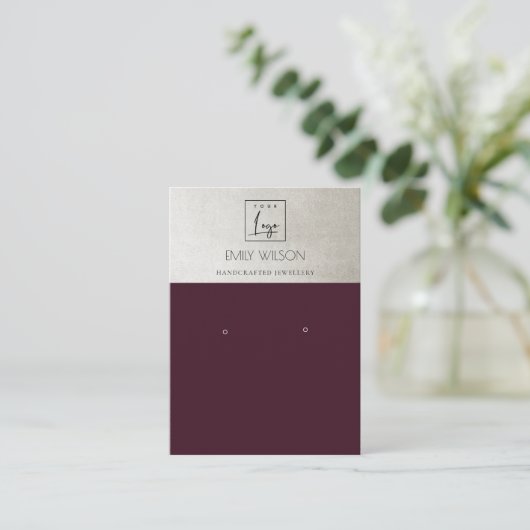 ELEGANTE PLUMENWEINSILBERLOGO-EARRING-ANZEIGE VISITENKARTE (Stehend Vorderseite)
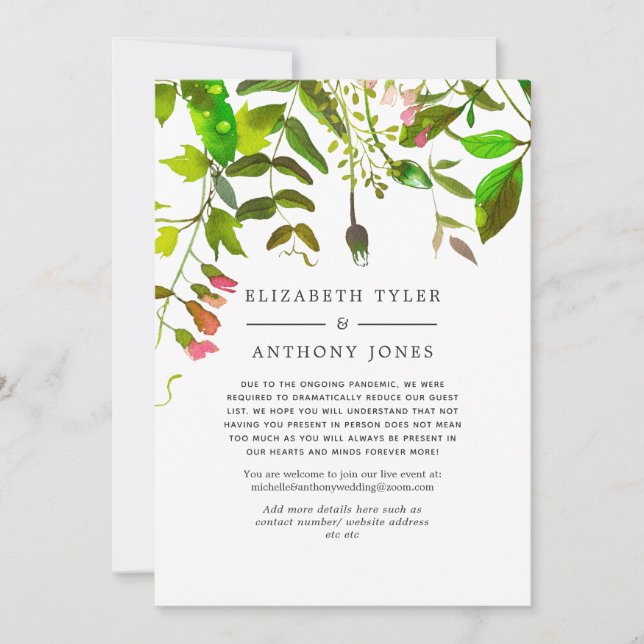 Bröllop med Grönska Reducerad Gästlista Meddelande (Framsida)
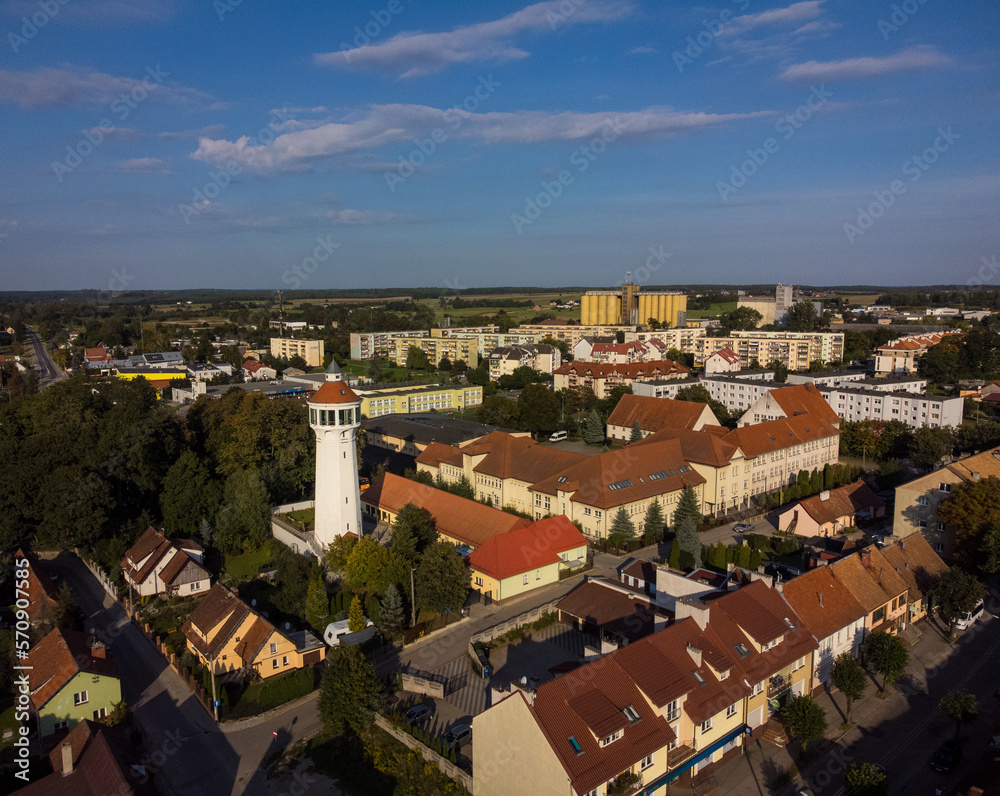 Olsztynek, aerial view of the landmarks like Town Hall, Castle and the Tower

What is required:
Write out every line above exactly as it is, leaving out the pictures.

Your solution:
 ELEGANTE PLUMENWEINSILBERLOGO-EARRING-ANZEIGE VISITENKARTE (Stehend Vorderseite)
 Bröllop med Grönska Reducerad Gästlista Meddelande (Framsida)
 Olsztynek, aerial view of the landmarks like Town Hall, Castle and the Tower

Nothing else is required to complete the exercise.